Activity: Retype the whole listing below exactly, keeping every picture out of it.

Dataset section:
============================================================
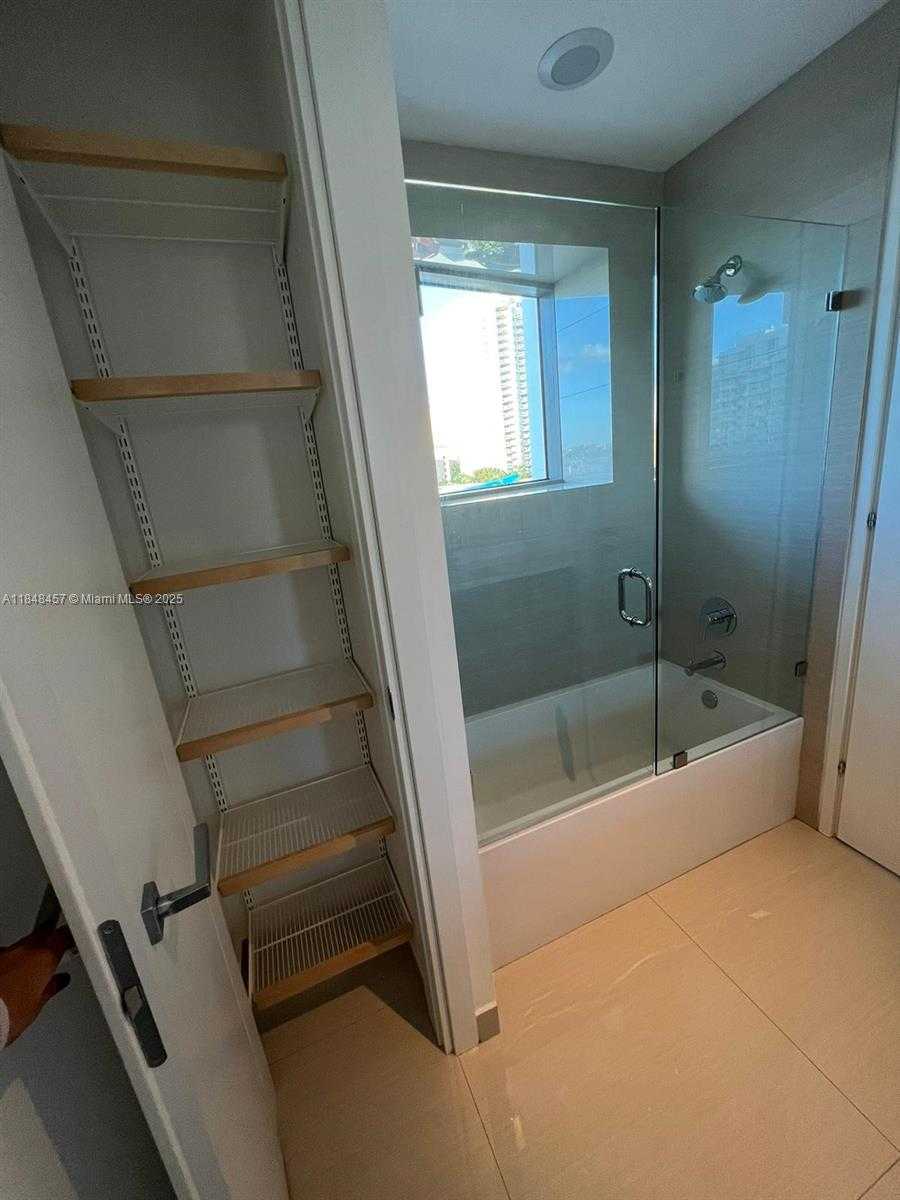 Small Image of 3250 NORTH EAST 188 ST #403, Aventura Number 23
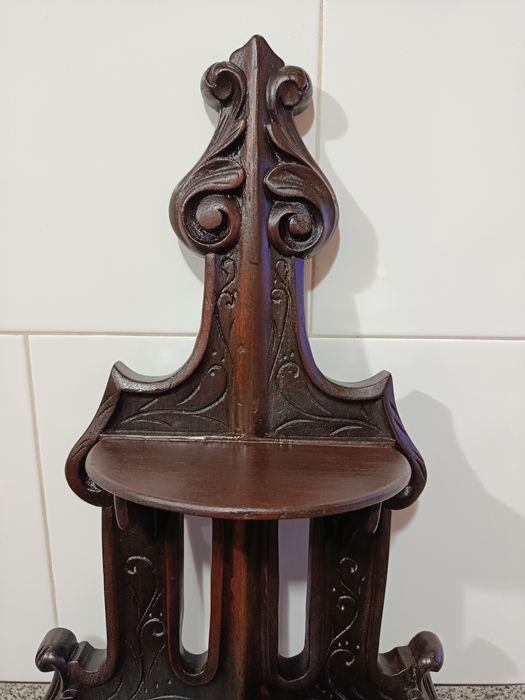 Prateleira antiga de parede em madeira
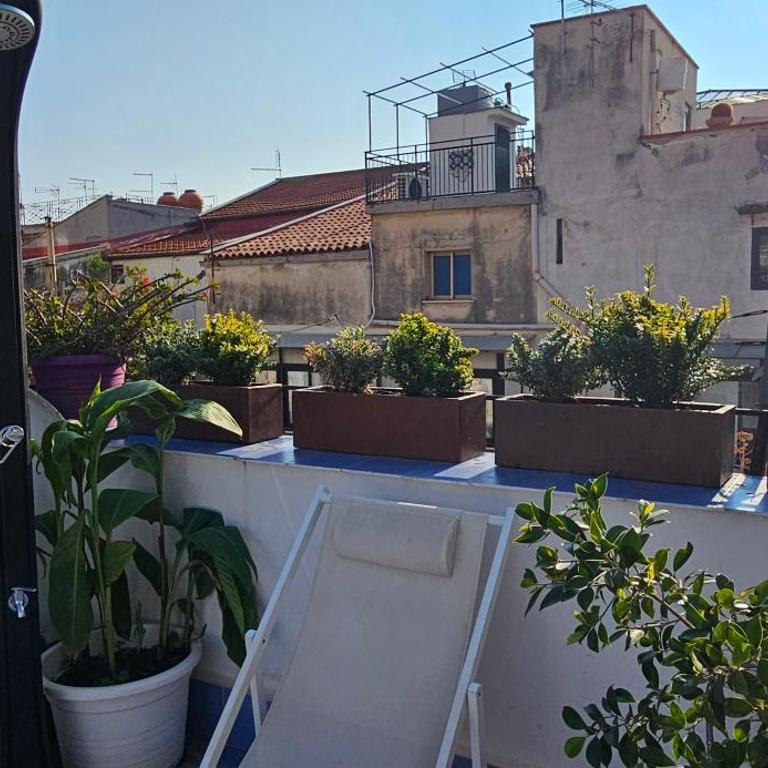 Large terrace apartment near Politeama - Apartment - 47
============================================================
Result of this task:
 Small Image of 3250 NORTH EAST 188 ST #403, Aventura Number 23
 Prateleira antiga de parede em madeira
 Large terrace apartment near Politeama - Apartment - 47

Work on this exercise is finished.